Give back an exact copy of the listing that follows, without the pictures.

## [Supplied information]
┌──
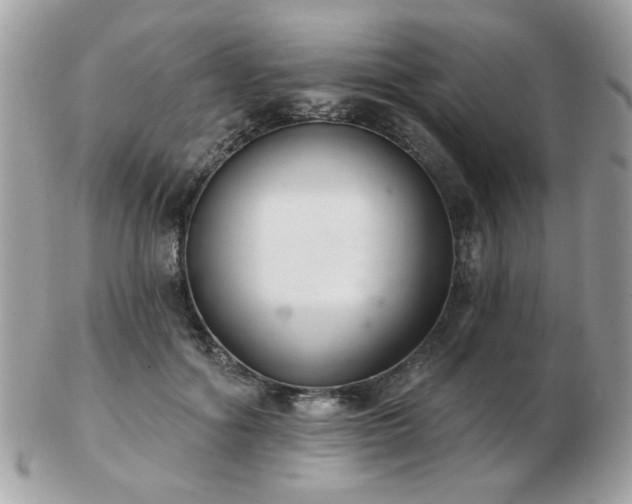 X0000103260602200808291219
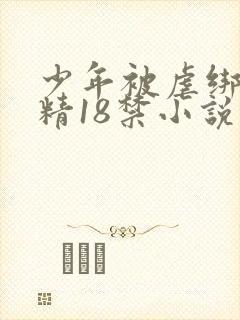 少年被虐绑着榨精18禁小说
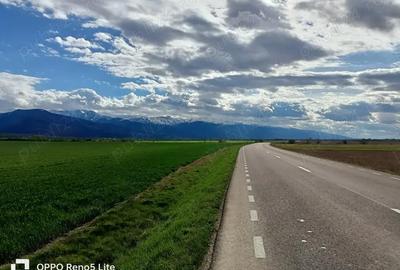 Teren de 2000 mp, în Berivoi - 1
└──
## [Reply to the exercise]
 X0000103260602200808291219
 少年被虐绑着榨精18禁小说
 Teren de 2000 mp, în Berivoi - 1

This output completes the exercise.